JEFF SEIDEL: Lions emerge from NFL draft with roster in great shape. Now it’s time to win

Future forecast

They won’t enjoy the fruits of the trade for some time, but don’t overlook the importance of that 2025 fourth-round pick the Lions acquired for Swift.

Holmes turned the Lions’ fortunes through the draft, and he did so by using the extra picks he acquired in the Matthew Stafford trade, and by upgrading picks in other deals (for players like T.J. Hockenson and Trinity Benson).

A fourth-round pick is not insignificant, not when you can package it with other picks to bounce around the board like Holmes did this weekend, and not when you’re a team like the Lions that does not expect to be picking high in the draft again anytime soon.

The Lions opened this year’s draft with nine picks, including three of the first 81 choices. Ultimately, they added eight players, including six of the first 96 choices.

Next year, the Lions have an extra third-round pick but no fourth (a pick swap with the Vikings for Hockenson), and in 2025 they should have five of the top 135 or so picks, plus any compensatory picks they may add in the future.

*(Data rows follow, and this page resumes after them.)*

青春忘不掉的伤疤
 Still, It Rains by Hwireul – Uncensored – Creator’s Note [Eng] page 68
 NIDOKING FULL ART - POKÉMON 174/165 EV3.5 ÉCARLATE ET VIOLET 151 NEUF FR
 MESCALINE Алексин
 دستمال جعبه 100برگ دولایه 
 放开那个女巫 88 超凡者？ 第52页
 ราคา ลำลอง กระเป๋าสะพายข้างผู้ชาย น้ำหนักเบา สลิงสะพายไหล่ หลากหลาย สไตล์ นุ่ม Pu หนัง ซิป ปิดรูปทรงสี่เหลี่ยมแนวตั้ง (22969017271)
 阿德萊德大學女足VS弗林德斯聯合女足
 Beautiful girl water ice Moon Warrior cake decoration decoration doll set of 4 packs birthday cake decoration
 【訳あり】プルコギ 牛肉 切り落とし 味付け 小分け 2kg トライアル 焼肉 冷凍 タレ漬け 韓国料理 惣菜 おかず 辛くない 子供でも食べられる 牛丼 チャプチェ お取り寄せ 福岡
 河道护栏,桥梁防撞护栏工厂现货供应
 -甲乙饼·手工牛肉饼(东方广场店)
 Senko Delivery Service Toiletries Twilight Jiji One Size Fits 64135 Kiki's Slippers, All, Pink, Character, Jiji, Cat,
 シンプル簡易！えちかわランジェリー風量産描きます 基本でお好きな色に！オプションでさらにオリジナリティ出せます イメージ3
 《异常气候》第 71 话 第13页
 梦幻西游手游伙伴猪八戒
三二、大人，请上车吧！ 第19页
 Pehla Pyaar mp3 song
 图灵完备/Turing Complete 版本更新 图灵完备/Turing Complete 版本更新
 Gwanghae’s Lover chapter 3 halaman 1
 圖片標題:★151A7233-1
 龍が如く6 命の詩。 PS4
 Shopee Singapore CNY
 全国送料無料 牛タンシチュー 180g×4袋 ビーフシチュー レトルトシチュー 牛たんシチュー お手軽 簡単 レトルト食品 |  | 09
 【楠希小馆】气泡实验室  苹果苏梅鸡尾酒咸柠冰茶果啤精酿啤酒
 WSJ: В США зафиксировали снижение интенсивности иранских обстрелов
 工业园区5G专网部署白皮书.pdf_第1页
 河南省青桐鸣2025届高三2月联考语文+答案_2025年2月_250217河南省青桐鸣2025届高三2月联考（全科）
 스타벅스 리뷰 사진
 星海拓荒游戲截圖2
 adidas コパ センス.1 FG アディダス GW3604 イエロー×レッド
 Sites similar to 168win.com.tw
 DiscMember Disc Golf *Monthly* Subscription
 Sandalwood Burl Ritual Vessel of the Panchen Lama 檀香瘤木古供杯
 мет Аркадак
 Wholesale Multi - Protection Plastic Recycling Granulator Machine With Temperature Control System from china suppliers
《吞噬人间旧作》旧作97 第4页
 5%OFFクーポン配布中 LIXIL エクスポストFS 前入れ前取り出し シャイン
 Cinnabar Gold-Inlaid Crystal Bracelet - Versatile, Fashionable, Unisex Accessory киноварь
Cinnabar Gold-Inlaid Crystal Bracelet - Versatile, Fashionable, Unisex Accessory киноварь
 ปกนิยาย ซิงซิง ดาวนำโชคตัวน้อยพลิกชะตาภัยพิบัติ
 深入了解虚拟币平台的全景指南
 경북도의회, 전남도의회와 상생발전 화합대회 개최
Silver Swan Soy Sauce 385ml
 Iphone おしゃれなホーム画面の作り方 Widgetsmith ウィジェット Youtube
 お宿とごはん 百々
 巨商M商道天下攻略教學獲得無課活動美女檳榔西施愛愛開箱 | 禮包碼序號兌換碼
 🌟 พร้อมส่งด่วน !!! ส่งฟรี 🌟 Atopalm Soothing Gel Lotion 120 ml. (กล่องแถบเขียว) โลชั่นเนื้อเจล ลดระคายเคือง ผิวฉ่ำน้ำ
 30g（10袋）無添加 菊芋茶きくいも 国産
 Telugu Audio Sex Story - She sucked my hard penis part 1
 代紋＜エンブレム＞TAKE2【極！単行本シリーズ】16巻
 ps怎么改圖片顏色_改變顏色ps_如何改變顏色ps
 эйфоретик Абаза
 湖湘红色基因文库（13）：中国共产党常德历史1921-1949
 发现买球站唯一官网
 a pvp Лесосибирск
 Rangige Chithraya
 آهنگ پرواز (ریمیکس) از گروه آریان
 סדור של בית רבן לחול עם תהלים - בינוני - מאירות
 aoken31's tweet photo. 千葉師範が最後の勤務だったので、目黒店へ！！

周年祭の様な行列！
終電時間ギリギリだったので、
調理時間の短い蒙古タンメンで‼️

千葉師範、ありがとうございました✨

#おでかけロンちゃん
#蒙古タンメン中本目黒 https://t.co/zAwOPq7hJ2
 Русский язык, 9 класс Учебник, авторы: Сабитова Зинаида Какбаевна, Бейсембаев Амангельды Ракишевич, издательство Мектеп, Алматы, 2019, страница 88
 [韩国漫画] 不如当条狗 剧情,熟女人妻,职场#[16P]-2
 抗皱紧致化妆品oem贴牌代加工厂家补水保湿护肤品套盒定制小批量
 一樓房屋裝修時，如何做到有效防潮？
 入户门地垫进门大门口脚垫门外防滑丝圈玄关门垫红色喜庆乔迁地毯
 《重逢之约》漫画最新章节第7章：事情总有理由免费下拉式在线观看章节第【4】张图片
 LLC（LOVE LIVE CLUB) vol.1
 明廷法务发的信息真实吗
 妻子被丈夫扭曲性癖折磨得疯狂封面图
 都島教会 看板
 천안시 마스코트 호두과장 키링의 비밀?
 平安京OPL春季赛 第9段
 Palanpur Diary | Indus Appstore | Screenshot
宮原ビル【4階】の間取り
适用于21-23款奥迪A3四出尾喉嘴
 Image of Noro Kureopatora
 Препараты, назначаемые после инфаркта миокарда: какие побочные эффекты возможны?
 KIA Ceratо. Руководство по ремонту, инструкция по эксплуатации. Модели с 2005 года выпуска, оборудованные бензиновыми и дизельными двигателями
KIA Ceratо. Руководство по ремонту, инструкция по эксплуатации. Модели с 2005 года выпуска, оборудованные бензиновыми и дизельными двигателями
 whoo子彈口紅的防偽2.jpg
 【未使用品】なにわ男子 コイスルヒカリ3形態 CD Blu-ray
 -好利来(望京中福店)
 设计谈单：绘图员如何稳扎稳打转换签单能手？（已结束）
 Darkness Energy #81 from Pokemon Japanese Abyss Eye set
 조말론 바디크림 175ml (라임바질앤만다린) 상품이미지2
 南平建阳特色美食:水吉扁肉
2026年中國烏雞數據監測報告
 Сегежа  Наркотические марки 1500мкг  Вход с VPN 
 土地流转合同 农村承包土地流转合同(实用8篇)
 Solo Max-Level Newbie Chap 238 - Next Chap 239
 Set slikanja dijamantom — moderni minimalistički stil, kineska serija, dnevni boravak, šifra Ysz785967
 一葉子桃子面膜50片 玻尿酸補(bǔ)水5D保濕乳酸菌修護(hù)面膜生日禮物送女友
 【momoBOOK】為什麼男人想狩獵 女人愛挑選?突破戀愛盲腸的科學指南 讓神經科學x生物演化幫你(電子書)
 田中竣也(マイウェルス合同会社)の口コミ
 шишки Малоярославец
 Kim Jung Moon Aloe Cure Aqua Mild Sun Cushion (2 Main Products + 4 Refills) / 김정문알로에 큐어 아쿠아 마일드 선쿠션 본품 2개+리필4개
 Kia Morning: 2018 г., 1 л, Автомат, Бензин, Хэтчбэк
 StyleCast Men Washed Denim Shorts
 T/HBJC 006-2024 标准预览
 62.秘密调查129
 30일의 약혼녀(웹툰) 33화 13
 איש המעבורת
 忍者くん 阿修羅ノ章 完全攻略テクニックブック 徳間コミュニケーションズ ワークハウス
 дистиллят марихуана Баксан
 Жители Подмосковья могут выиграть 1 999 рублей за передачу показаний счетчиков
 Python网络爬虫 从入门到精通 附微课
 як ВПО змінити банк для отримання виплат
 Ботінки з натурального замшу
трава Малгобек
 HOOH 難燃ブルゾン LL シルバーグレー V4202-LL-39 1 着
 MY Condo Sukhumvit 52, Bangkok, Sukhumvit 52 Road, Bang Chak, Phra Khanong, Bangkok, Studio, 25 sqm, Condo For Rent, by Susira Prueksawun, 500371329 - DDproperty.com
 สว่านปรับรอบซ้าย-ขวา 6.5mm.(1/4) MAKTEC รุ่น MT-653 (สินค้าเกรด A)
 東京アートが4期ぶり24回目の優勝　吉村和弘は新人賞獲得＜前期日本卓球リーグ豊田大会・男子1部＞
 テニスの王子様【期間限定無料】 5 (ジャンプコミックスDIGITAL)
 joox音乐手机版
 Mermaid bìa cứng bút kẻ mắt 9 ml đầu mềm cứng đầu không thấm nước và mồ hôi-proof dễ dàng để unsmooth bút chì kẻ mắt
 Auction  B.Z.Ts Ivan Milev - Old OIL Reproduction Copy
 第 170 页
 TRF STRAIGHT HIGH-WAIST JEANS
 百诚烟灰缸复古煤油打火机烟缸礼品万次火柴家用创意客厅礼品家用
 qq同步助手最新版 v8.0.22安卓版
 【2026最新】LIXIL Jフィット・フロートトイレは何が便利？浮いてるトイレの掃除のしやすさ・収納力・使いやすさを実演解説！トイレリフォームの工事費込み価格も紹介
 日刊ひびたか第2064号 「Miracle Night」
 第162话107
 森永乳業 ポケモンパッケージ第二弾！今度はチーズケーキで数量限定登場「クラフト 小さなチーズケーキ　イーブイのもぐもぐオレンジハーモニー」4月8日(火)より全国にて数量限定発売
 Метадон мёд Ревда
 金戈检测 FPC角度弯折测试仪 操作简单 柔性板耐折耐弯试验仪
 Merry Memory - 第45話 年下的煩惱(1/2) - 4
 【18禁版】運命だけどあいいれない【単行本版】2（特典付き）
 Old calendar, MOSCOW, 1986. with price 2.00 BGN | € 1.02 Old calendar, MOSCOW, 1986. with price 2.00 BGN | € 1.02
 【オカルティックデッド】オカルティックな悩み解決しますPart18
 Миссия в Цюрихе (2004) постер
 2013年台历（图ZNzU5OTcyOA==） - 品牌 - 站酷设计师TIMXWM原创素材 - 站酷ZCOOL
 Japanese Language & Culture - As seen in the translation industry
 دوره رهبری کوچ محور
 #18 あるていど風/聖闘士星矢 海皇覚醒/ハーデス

“It’s my job to keep laser focused on the present but probably even more importantly, keep laser focused on the future,” Holmes said. “And that’s what went into a lot of the decisions with having to make the trade with D’Andre Swift to Philly.”

Final word

The Lions should be one of the best teams in the NFC in 2023. They have a young, talented, deep roster, an explosive offense, an improved defense and a swagger that comes with knowing how good they are.

TAKE A LOOK: Projecting Lions depth chart for 2023 season after NFL draft

Holmes said Saturday he’s “extremely proud” of how far the Lions have come since he took over, but reminded everyone they missed the playoffs last year.

“And that’s not good enough,” Holmes said. “So we got to get to the point as a football team where we can put ourselves in a position where we could get in the postseason and hopefully make some noise.”

Asked if he thinks the Lions have enough talent to do that, Holmes said unequivocally, “I do, yes.”